Only the lines below from the one containing "Cachorro ra a" through the last line should be set down, exactly as written and with no pictures.

━━━ Entries supplied

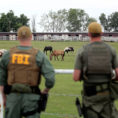 Horse Racing Experts Calculation Spreadsheet Throughout The Rookie And The Zetas: How The Feds Took Down A Drug Cartel's
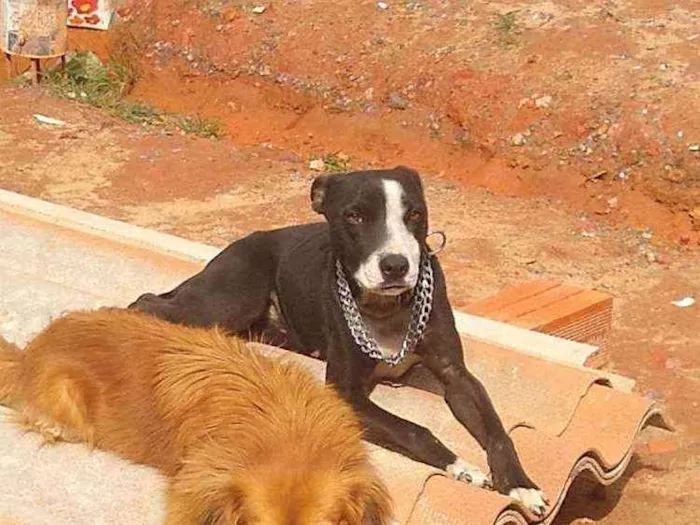 Cachorro ra a Misturado com Pit Bull idade 1 ano nome Akira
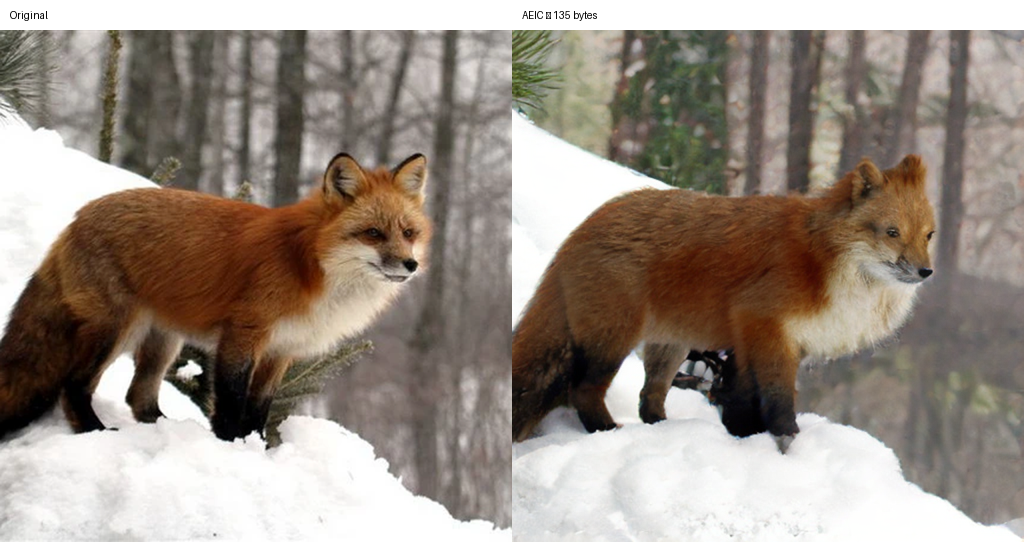Original and AEIC reconstruction at 135 bytes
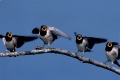 Rauchschwalbe, Hirundo rustica, Barn Swallow, Europe, Europa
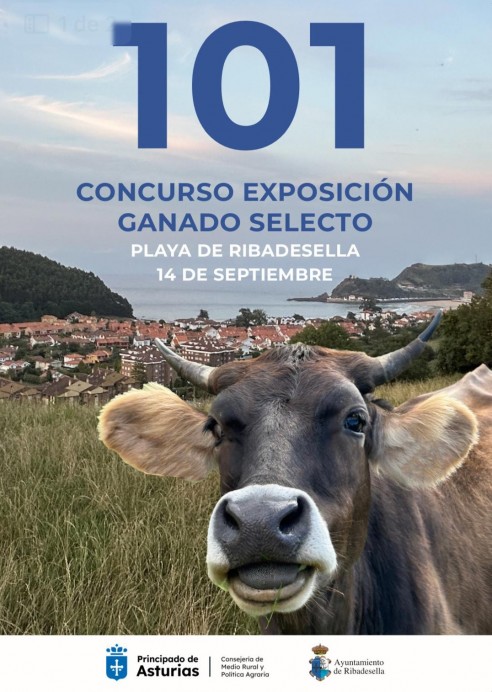 Ribadesella acoge el 101 Concurso Exposición de Ganado Selecto - Concejo de Ribadesella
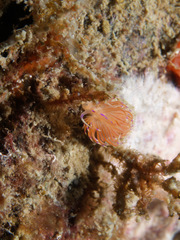 Unidentia aliciae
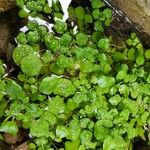 Rorippa nasturtium-aquaticum Leaf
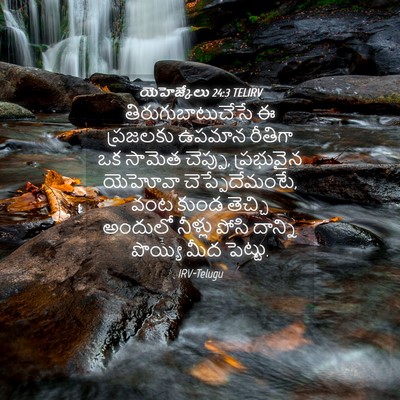 Picture 04 - యెహెజ్కేలు 24:3 TELIRV - తిరుగుబాటుచేసే ఈ - Bible Verse Picture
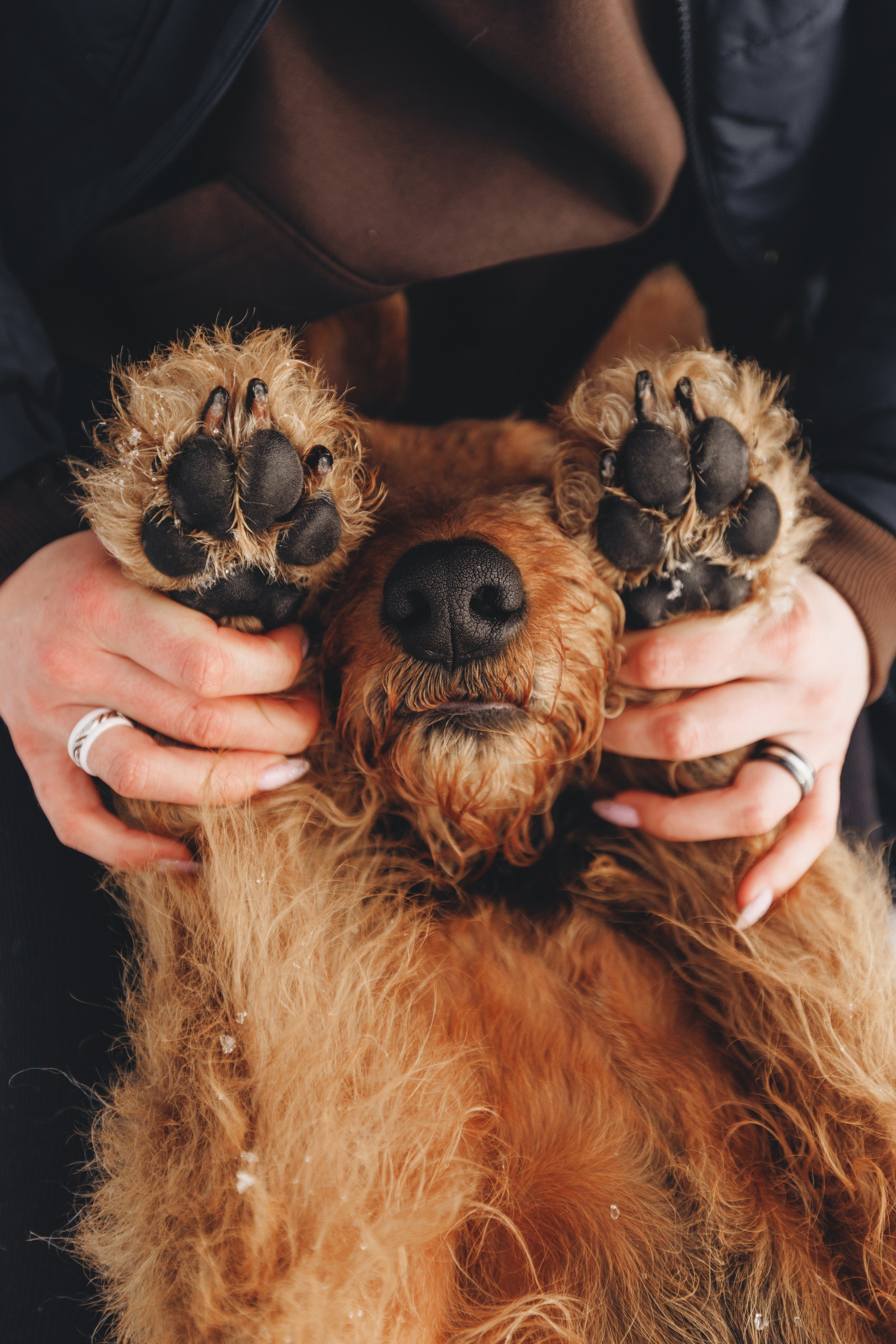 Оля и Хард. Фотограф анималист Осипчикова Мария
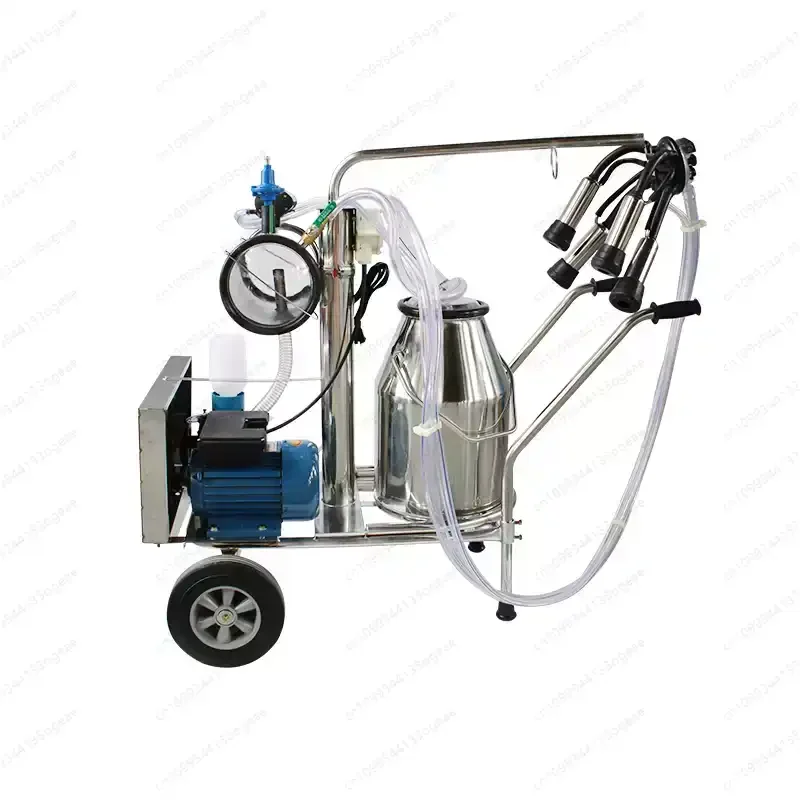 New Design China Easy-to-operate Efficient Stainless Steel Automatic Electric Portable Cow Milking Machine
New Design China Easy-to-operate Efficient Stainless Steel Automatic Electric Portable Cow Milking Machine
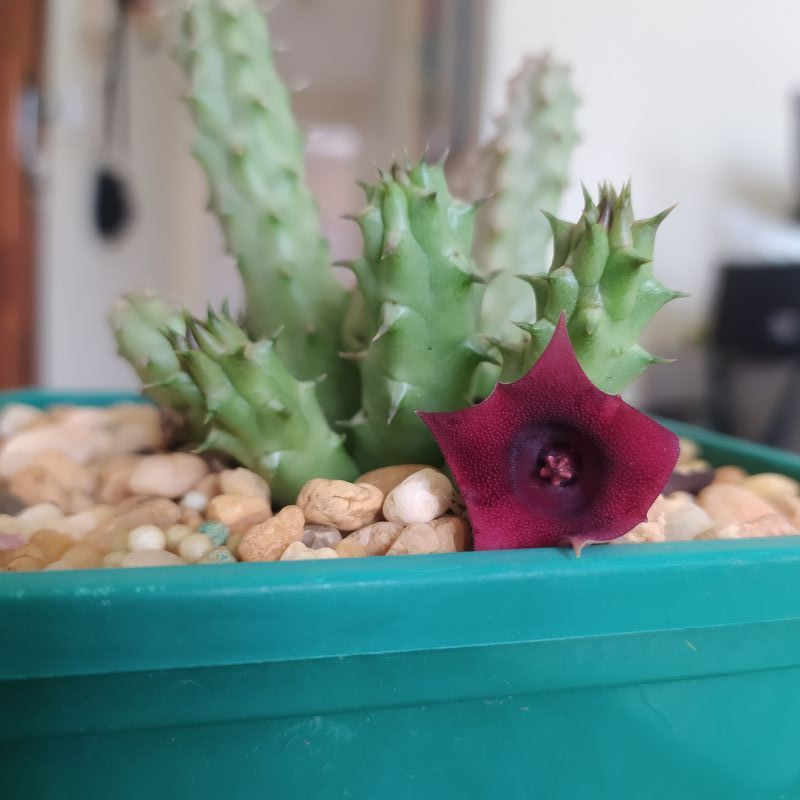 A photo of Huernia schneideriana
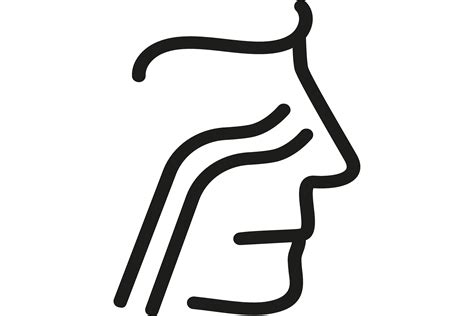 Nasal Passage Line Icon Nose Throat S Graphic By Pchvector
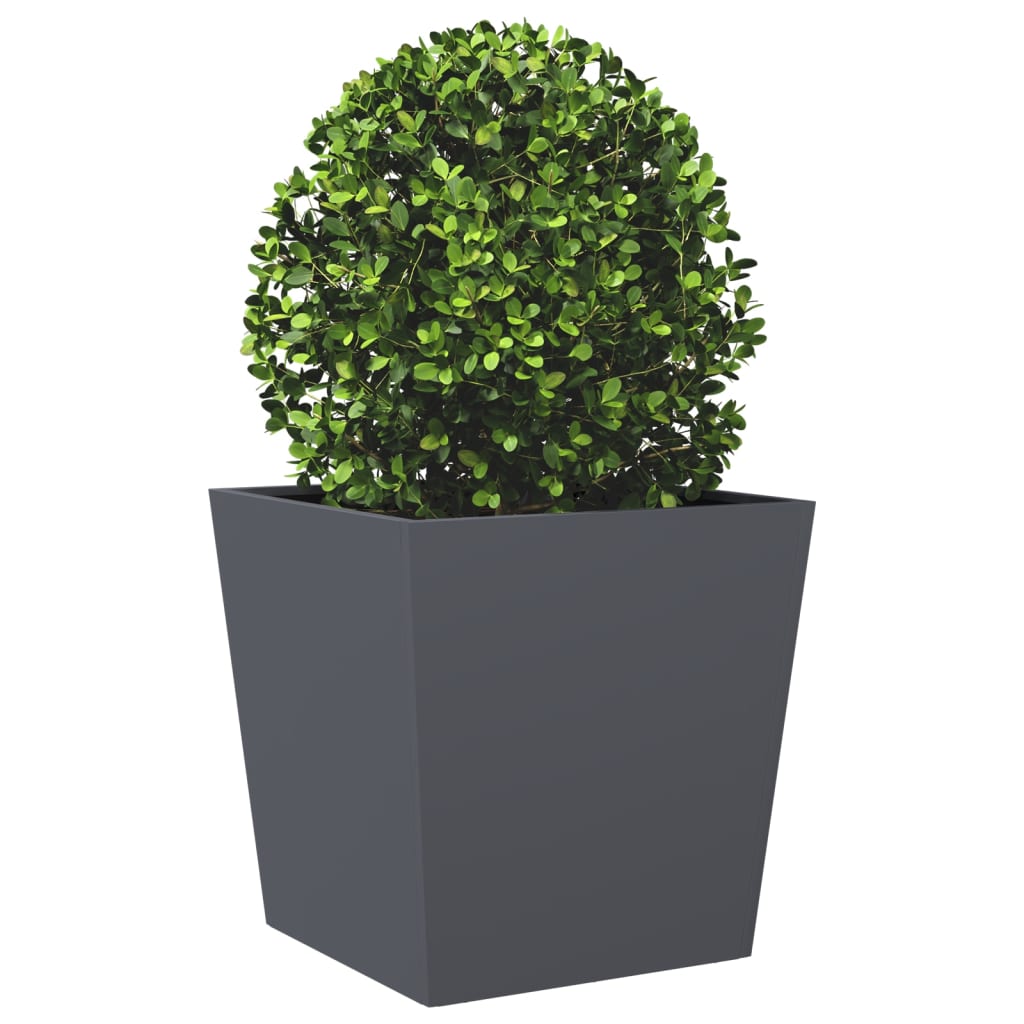 Plantenbakken 2 st 50x50x50 cm staal antracietkleurig is nu te koop bij PeponiXL, paradijselijk wonen!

━━━━━━

Answer section:
 Cachorro ra a Misturado com Pit Bull idade 1 ano nome Akira
Original and AEIC reconstruction at 135 bytes
 Rauchschwalbe, Hirundo rustica, Barn Swallow, Europe, Europa
 Ribadesella acoge el 101 Concurso Exposición de Ganado Selecto - Concejo de Ribadesella
 Unidentia aliciae
 Rorippa nasturtium-aquaticum Leaf
 Picture 04 - యెహెజ్కేలు 24:3 TELIRV - తిరుగుబాటుచేసే ఈ - Bible Verse Picture
 Оля и Хард. Фотограф анималист Осипчикова Мария
 New Design China Easy-to-operate Efficient Stainless Steel Automatic Electric Portable Cow Milking Machine
New Design China Easy-to-operate Efficient Stainless Steel Automatic Electric Portable Cow Milking Machine
 A photo of Huernia schneideriana
 Nasal Passage Line Icon Nose Throat S Graphic By Pchvector
 Plantenbakken 2 st 50x50x50 cm staal antracietkleurig is nu te koop bij PeponiXL, paradijselijk wonen!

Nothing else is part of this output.